Особое положение занимают в этом ряду стихотворения «Магдалина (I)» («Чуть ночь, мой демон тут как тут…») и «Магдалина (II)» («У людей пред праздником уборка…»). Магдалина, внезапно обретшая способность предсказывать «вещим ясновиденьем сивилл», оплакивает не только себя: «Когда твои стопы, Исус, / Оперши о свои колени, / Я, может, обнимать учусь / Креста четырехгранный брус / И, чувств лишаясь, к телу рвусь, / Тебя готовя к погребенью» [1, IV, 545]. 6-й стих только что приведенной нами заключительной строфы «Магдалины (I)» отсылает нас к 26-й главе Евангелия от Матфея, где говорится о пребывании Христа в доме Симона прокаженного: «Приступила к Нему женщина с алавастровым сосудом мира драгоценного и возливала Ему возлежащему на голову» (Мф., 26: 7); текстуально стих восходит к словам Христа, объясняющего ученикам ее поступок: «Возлив миро сие на тело Мое, она приготовила Меня к погребенью» (Мф., 26: 8—12). Интересны также пророчества героини в «Магдалине (II)»: «Завтра упадет завеса в храме, / Мы в кружок собьемся в стороне, / И земля качнется под ногами, / Может быть, из жалости ко мне» [1, IV, 546]. Несколько опережая евангельскую хронологию, Магдалина повествует о событиях, которые еще не произошли, но вот-вот неминуемо должны произойти, — о том, что вот-вот свершится на ее глазах. Ср.: «При кресте Иисуса стояли Матерь Его и сестра Матери Его Мария Клеопова, и Мария Магдалина» (Ин., 19: 25); после смерти же Иисуса «завеса в храме раздралась надвое; и земля потряслась; и камни расселись» (Мф., 27: 51). «Магдалина (II)» — рассказ-предсказание о последних часах и минутах жизни Христа, о крестных муках, о смерти и грядущем Воскресении. Оба фрагмента Евангелий, интертекстуально задействованных в стихотворении, входят в свод пятничных богослужебных чтений Страстной недели.

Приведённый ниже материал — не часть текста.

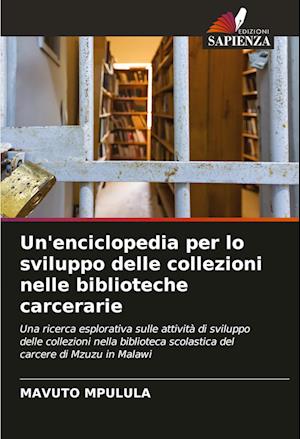 Un'enciclopedia per lo sviluppo delle collezioni nelle biblioteche carcerarie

Таким образом, в темпоральной динамике «Стихотворений Юрия Живаго» можно выделить два основных вектора: экзистенциально-бытовой и евангельский (метаисторический). Процессуально репрезентированная экзистенциальность объединяет здесь историческое время, отраженное преимущественно в прозаических частях романа, и метаисторию, т. е. Вечность, где происходит действие завершающих цикл стихотворений о Христе. Поэзия (=бытие) словно бы «вырастает» из прозы (=быта); именно по такому принципу — внешнее (антагонизм) и глубинное (органическая взаимосвязь и взаимообусловленность) — соотносятся в романе Пастернака «поэтическое», внутрицикловое, и «прозаическое» время.
Литература
1. Пастернак Б. Л. Полн. собр. соч.: В 11 т. М., 2003—2005. [Все ссылки на это издание даются в скобках с указанием тома (римская цифра) и страницы.]